(Short descriptive text snippets)
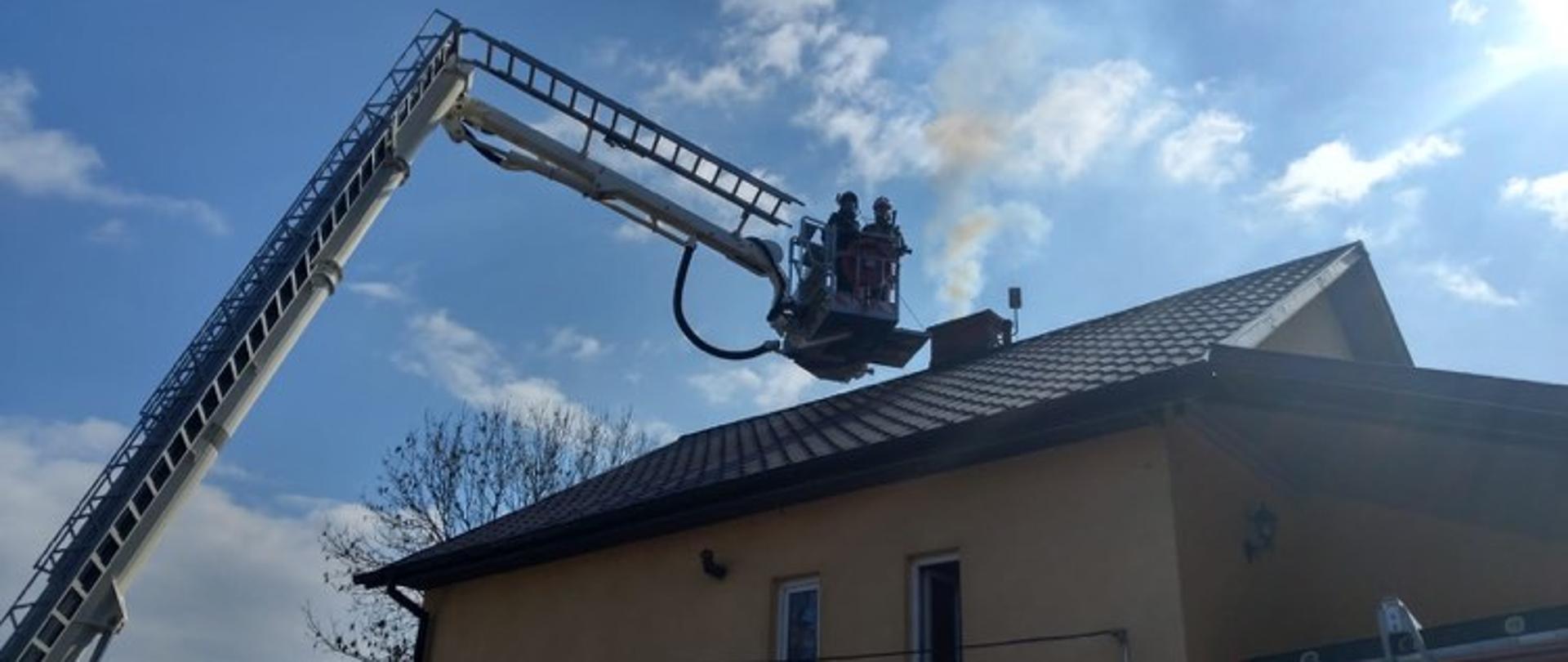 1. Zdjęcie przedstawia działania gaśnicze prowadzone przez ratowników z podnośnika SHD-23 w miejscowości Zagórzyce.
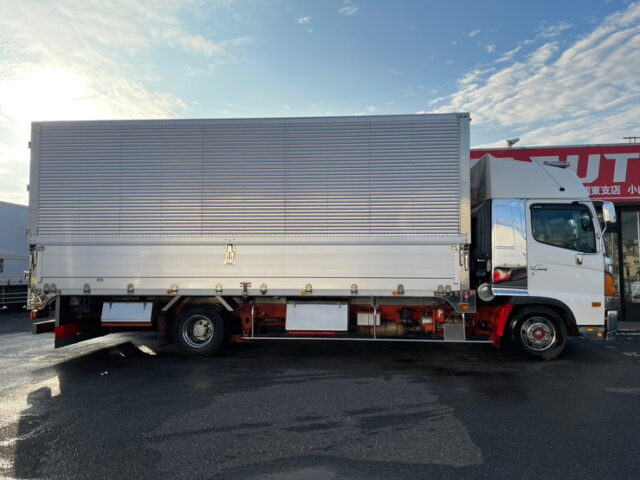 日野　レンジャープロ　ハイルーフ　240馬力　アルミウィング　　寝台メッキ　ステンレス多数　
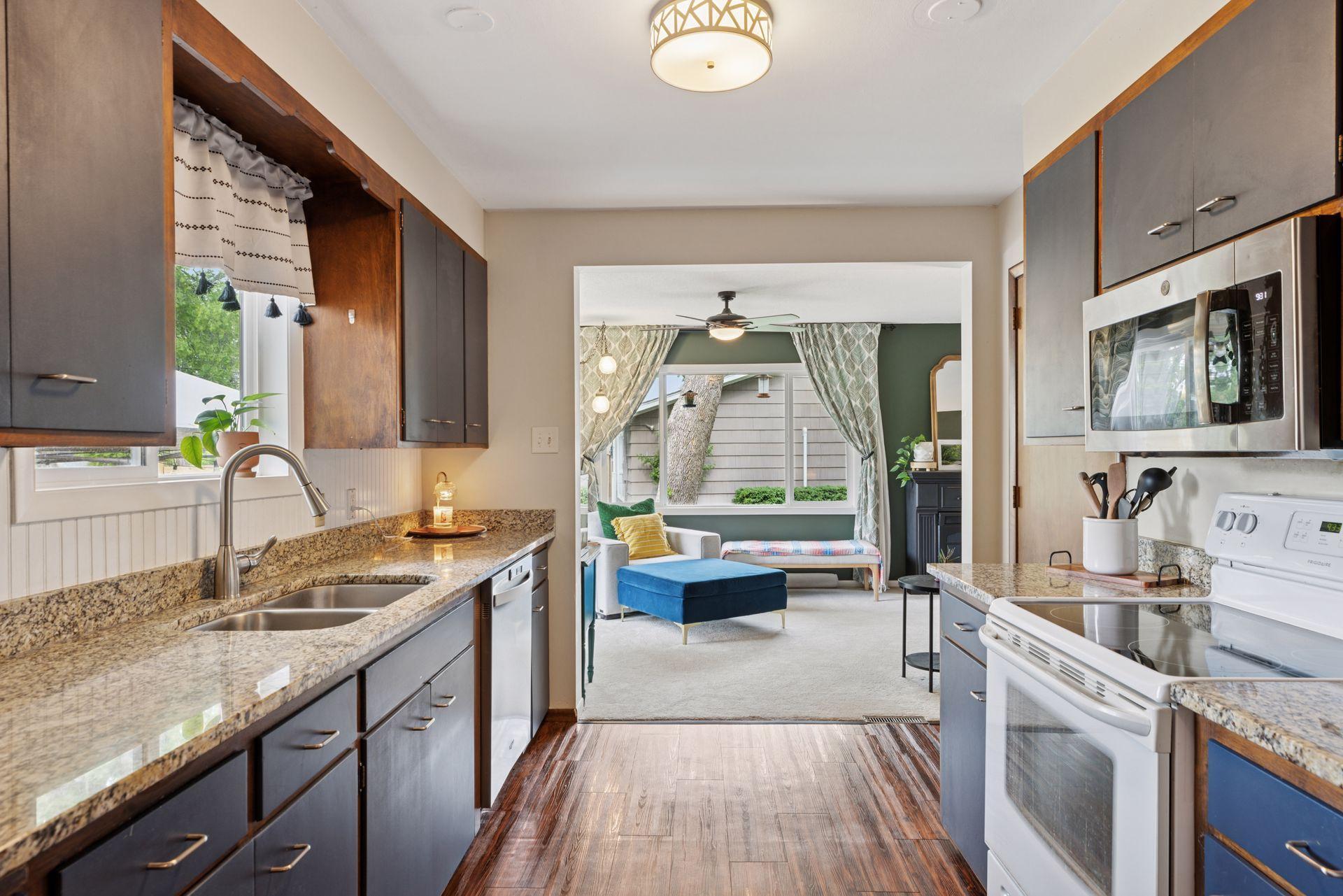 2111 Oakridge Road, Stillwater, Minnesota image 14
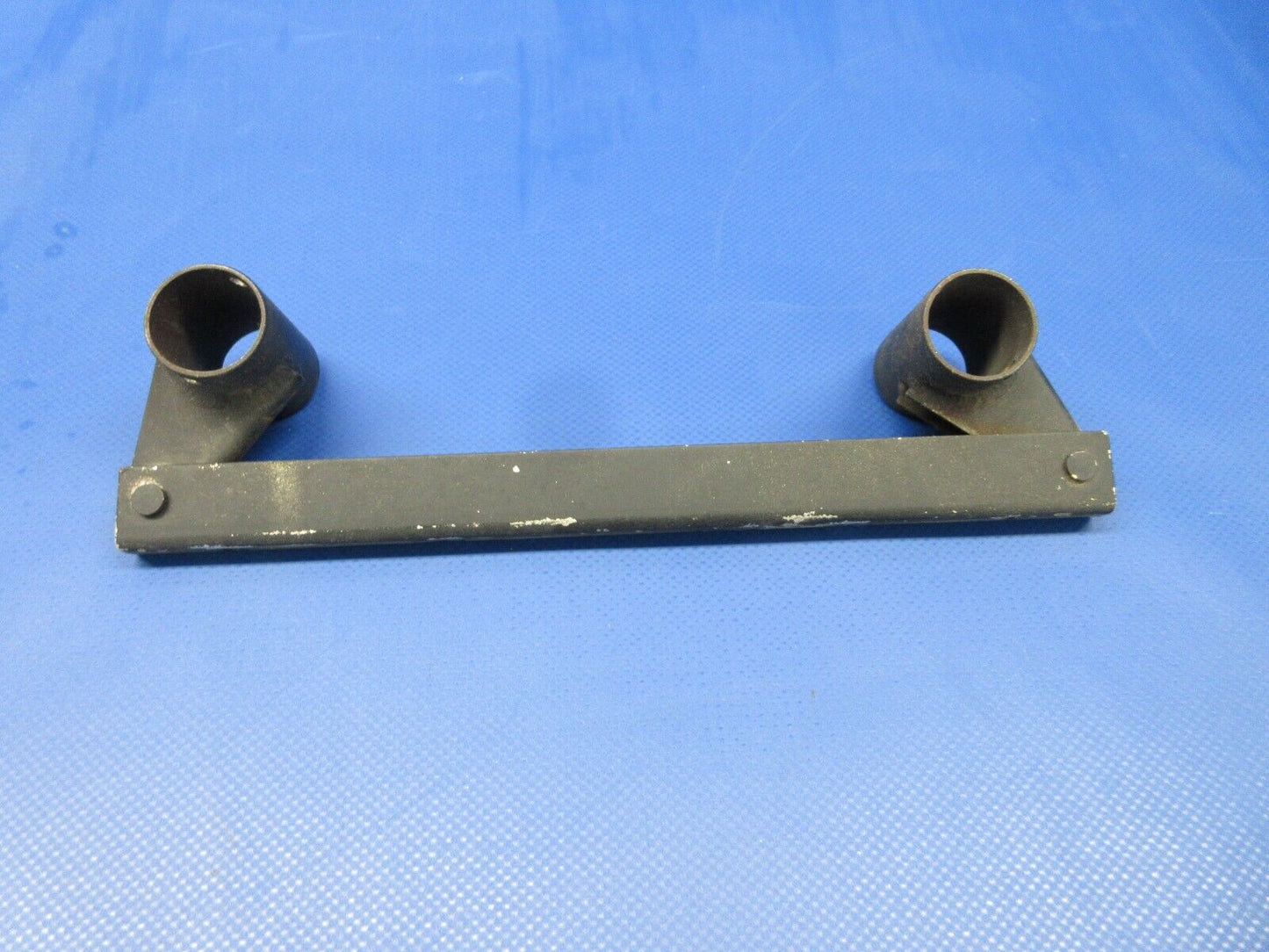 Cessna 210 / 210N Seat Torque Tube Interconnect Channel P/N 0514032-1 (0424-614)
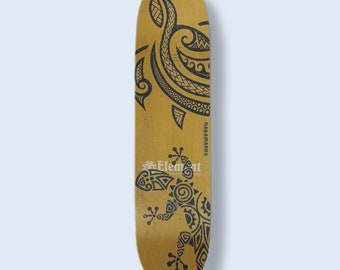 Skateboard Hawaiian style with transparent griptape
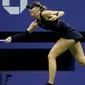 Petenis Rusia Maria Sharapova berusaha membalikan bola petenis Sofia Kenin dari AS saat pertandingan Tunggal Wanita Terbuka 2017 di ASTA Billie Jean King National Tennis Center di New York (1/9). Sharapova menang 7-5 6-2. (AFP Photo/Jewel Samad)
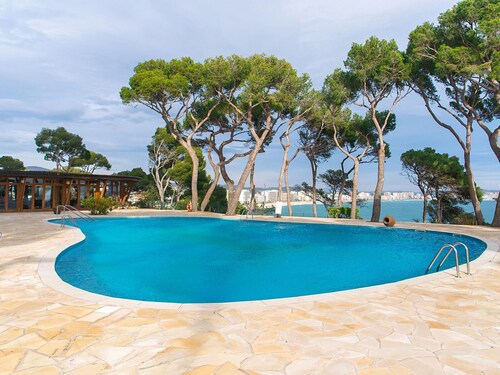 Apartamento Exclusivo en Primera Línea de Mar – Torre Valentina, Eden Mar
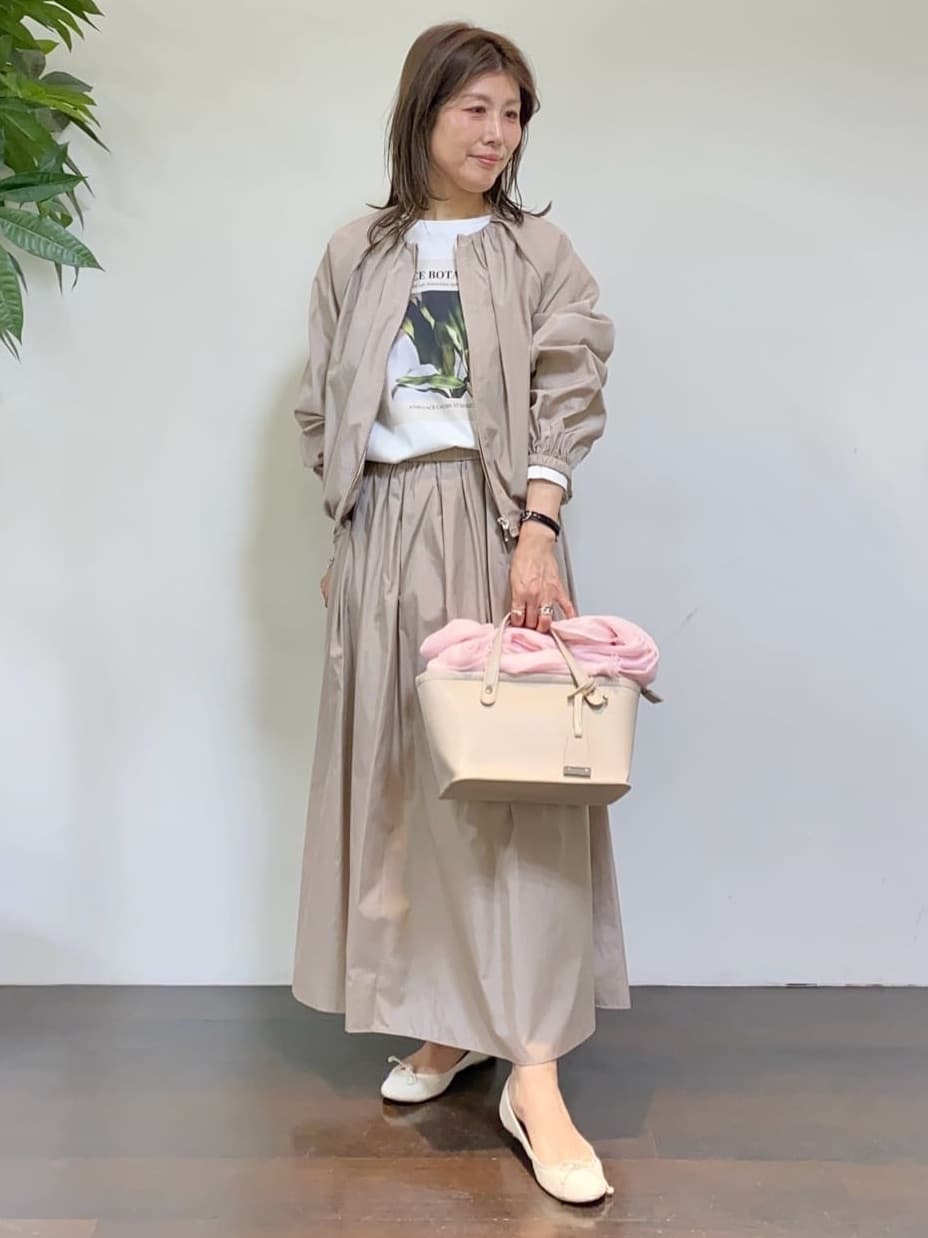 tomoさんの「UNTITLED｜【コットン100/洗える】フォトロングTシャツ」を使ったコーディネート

## WORK REQUEST:
Except for the pictures, copy every line of the records above exactly.

## OUTPUT FOR THIS EXERCISE:
 1. Zdjęcie przedstawia działania gaśnicze prowadzone przez ratowników z podnośnika SHD-23 w miejscowości Zagórzyce.
 日野　レンジャープロ　ハイルーフ　240馬力　アルミウィング　　寝台メッキ　ステンレス多数　
 2111 Oakridge Road, Stillwater, Minnesota image 14
 Cessna 210 / 210N Seat Torque Tube Interconnect Channel P/N 0514032-1 (0424-614)
 Skateboard Hawaiian style with transparent griptape
 Petenis Rusia Maria Sharapova berusaha membalikan bola petenis Sofia Kenin dari AS saat pertandingan Tunggal Wanita Terbuka 2017 di ASTA Billie Jean King National Tennis Center di New York (1/9). Sharapova menang 7-5 6-2. (AFP Photo/Jewel Samad)
 Apartamento Exclusivo en Primera Línea de Mar – Torre Valentina, Eden Mar
 tomoさんの「UNTITLED｜【コットン100/洗える】フォトロングTシャツ」を使ったコーディネート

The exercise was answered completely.